■ **Source information**

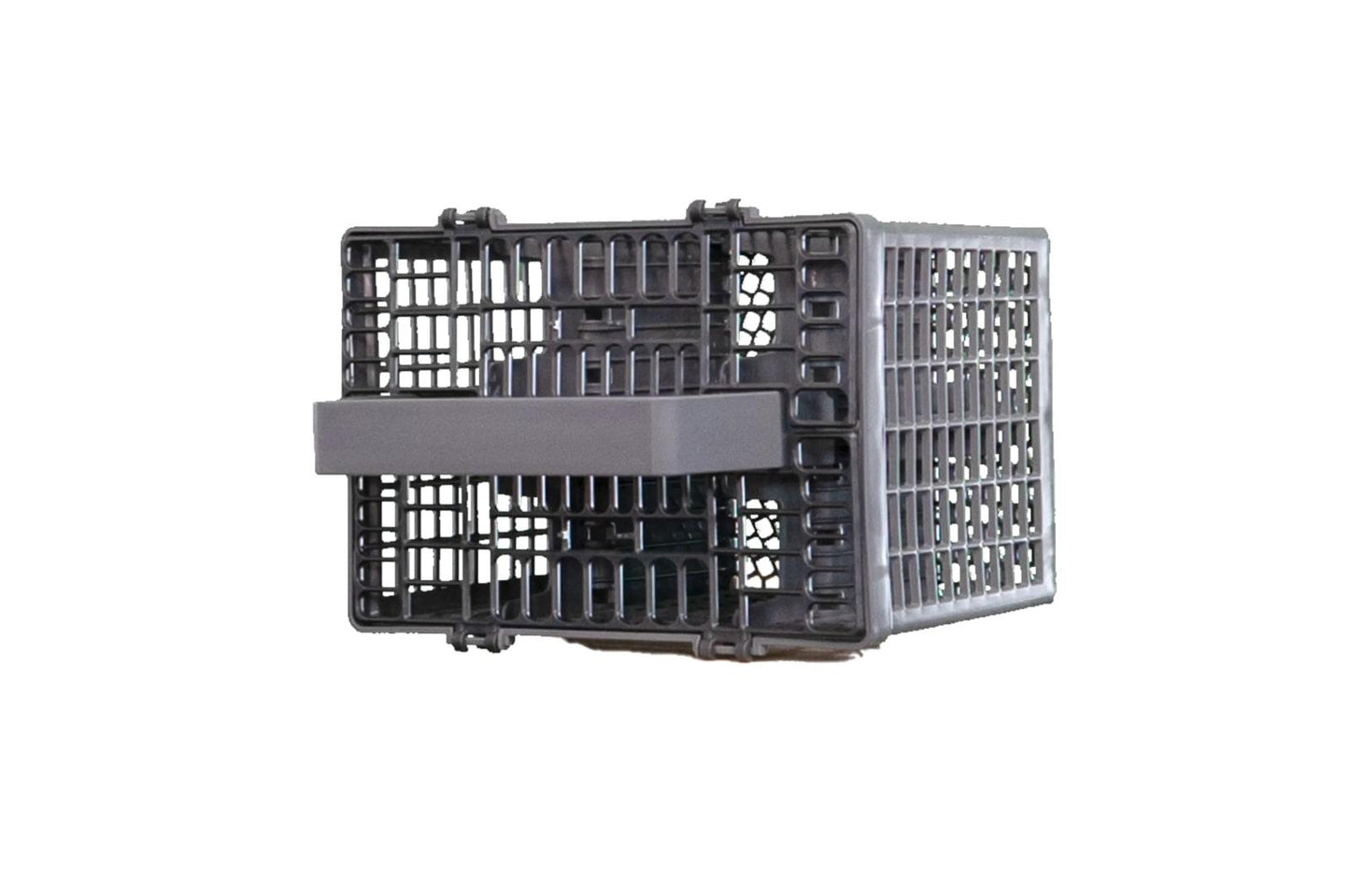 AAP74471401 LG Dishwasher Silverware Basket AAP74471401
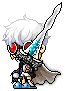 Confessor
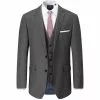 Skopes Tailored Harcourt Suit Jacket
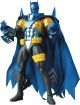 Batman: Knightfall - Batman (Azrael) MAFex Action Figure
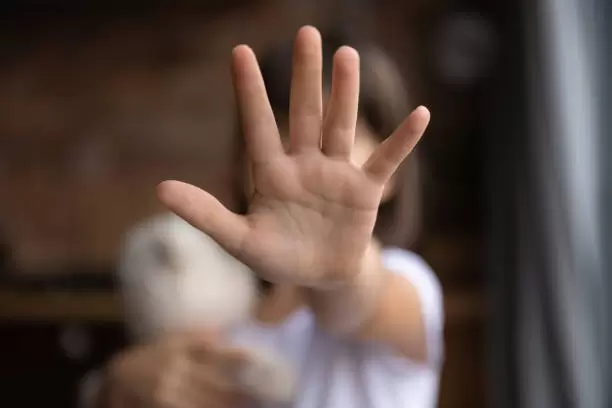 Casos de abuso en Mendoza.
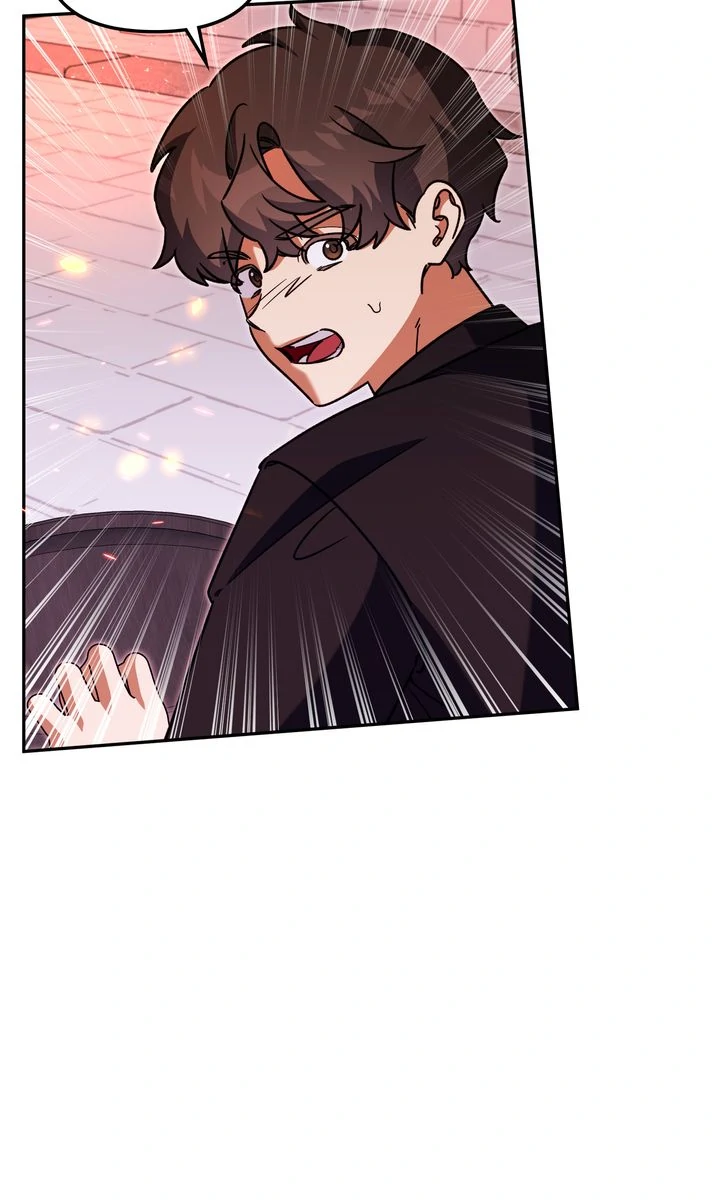 Read Team Zero Manga Online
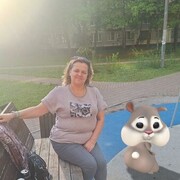  -,   , 48 ,   ,   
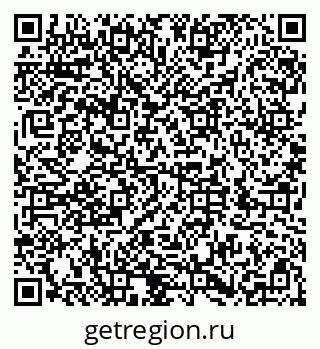 79286004080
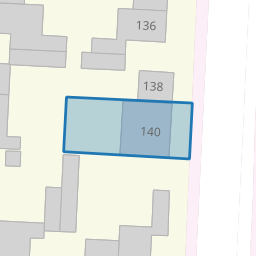 Perceel UBH00-B-3275
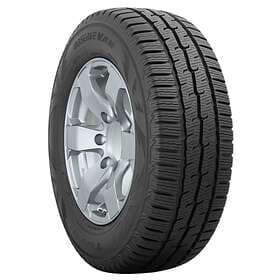 Toyo Observe Van 225/65 R16 112/110T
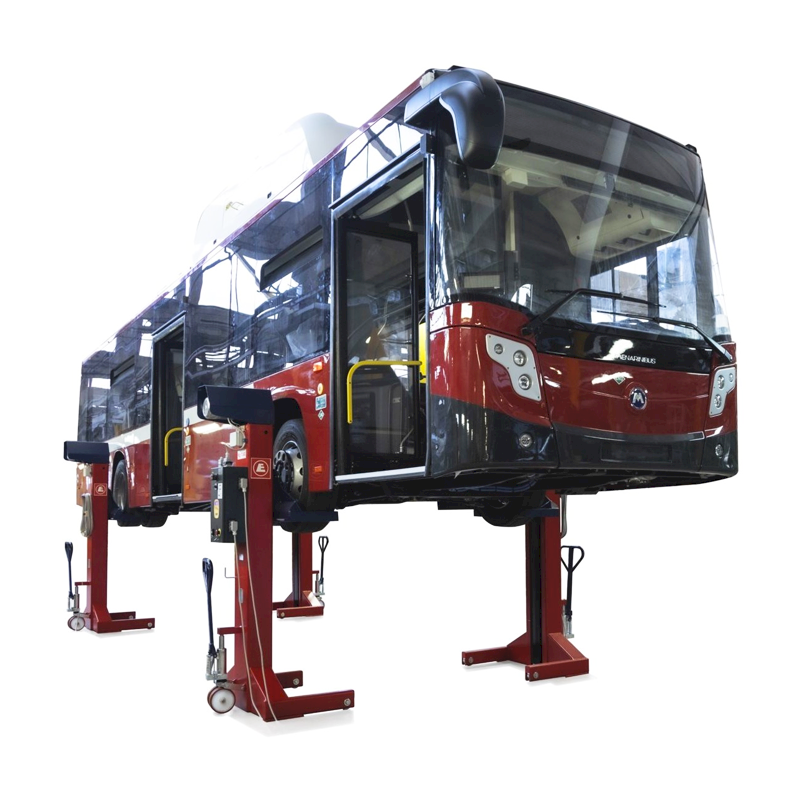 4. Пмк передвижная механизированная колонна. 2. 2 s2. Mcs7500 compact.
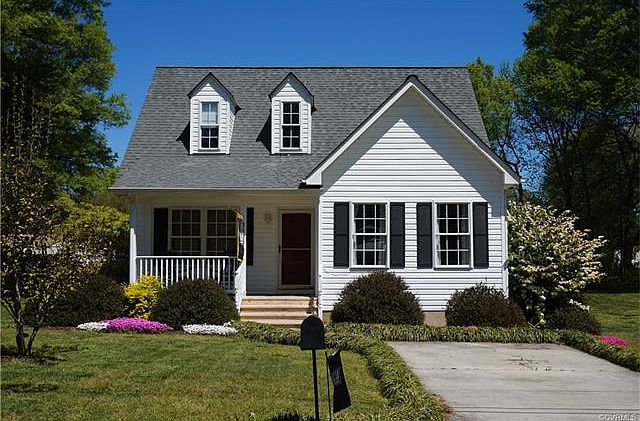 1st image of 413 Sherman Ave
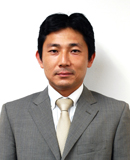 小澤 由浩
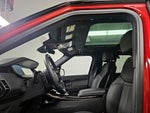 2023 Range Rover Sport Thumbnail 20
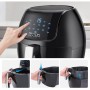 Oliver Voltz OV51980F Air Fryer Фритюрник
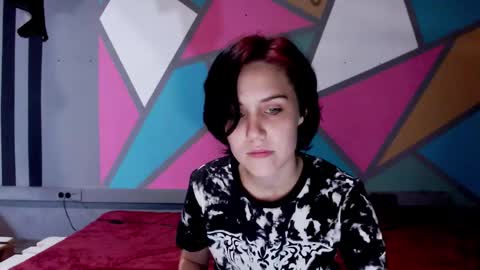 onaloon online show from October 9, 2025, 1:03 am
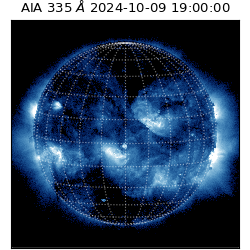 saia - 2024-10-09T19:00:00.633000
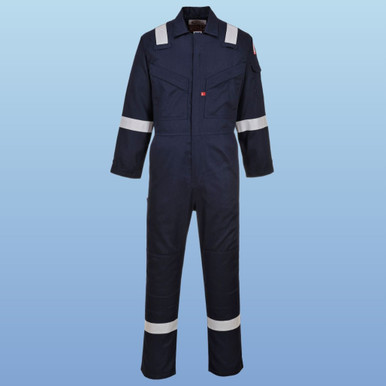ufr21nar-portwest-ufr21-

■ **Task brief**
Copy out the entries exactly. No pictures.

■ **Reply**
 AAP74471401 LG Dishwasher Silverware Basket AAP74471401
 Confessor
 Skopes Tailored Harcourt Suit Jacket
 Batman: Knightfall - Batman (Azrael) MAFex Action Figure
 Casos de abuso en Mendoza.
 Read Team Zero Manga Online
  -,   , 48 ,   ,   
 79286004080
 Perceel UBH00-B-3275
 Toyo Observe Van 225/65 R16 112/110T
 4. Пмк передвижная механизированная колонна. 2. 2 s2. Mcs7500 compact.
 1st image of 413 Sherman Ave
 小澤 由浩
 2023 Range Rover Sport Thumbnail 20
 Oliver Voltz OV51980F Air Fryer Фритюрник
 onaloon online show from October 9, 2025, 1:03 am
 saia - 2024-10-09T19:00:00.633000
ufr21nar-portwest-ufr21-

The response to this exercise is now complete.